Wheat is a global commodity, and the Chicago price is what the world works off of.
> but the dollar is historically strong at the moment.
As compared to what? It is historically weak compared to wheat, but presumably you mean compared to other currencies? Global transactions largely take place in USD, oil in particular, and the increase in monetary supply ended up in the hands of Americans first, so they have more of it to spend while the rest of the world does not, leaving those holding other currencies trying to buy up more USD all while Americans are trying to hold onto it over inflation fears.
Yes, but unless there is a bread cartel or oligopoly, the increased profit margins shouldn't have been possible, so the rising margins are proof in themselves.
That demand is inelastic in itself shouldn't necessarily allow price increases.
> Unless there's some bread cartel/oligopoly, a bread seller can't just increase prices and use a story to convince people it's unavoidable.
This is trivially provable false. Companies can charge inflated prices based on story and/or advertising.

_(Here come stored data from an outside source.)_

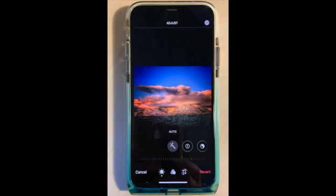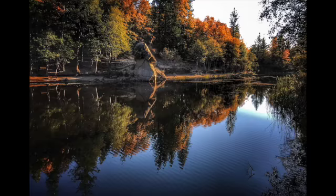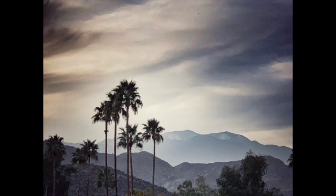From there we're going to talk about lighting and composition, which is extremely important in all types of photography no matter what type of camera you have.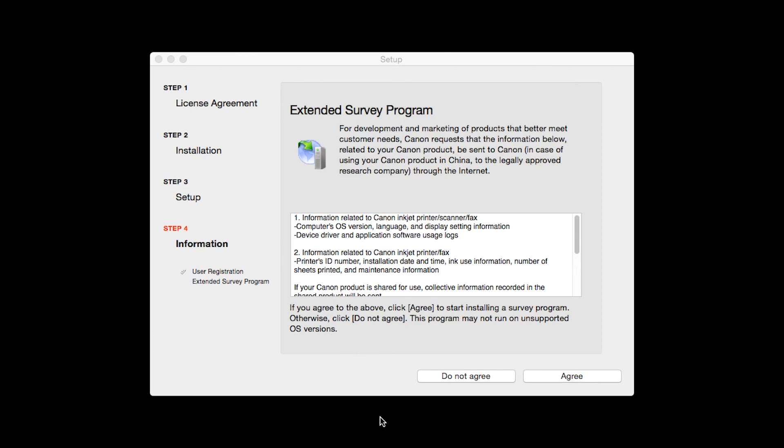An Extended Survey Program screen will appear. This optional program is used for the development and marketing of Canon products, so they will better meet our customers' needs. If you agree to participate in the Extended Survey Program, click Agree. If you click Do Not Agree, the Extended Survey Program will not be installed.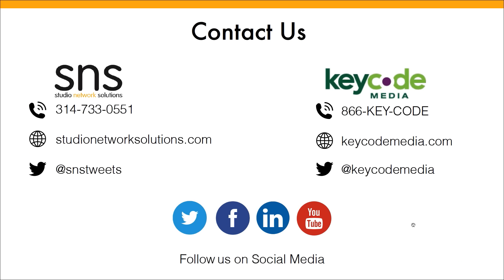So hopefully you guys have enjoyed this. You can contact either Keycode or SNS to get more information about this. Keycode is excellent at deploying these and helping design them. Certainly check out the website and feel free to, if you have to show this to anybody else who wasn't able to make it today, I think we'll be posting it to YouTube later this afternoon or tomorrow, and you'll be able to then use that and flow around.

The entire existence of high end fashion, for example, owes its existence to this being true.
But even setting that aside, the primary driver of inflation, oil and gas prices, are set by a literal cartel. And what do you know, the companies in this industry are making record profits.
The senior officers of Canada Bread, since 23 May 2014 a Grupo Bimbo subsidiary,[6] and Weston Foods, now a sister company to Loblaws under parent George Weston Limited, colluded to boost bread prices, and later strong-armed retailers to increase their prices in tandem.[5] The two named companies became aware of the investigation on 31 October 2017, and decided to co-operate with investigators in December in exchange for receiving immunity from prosecution.[5]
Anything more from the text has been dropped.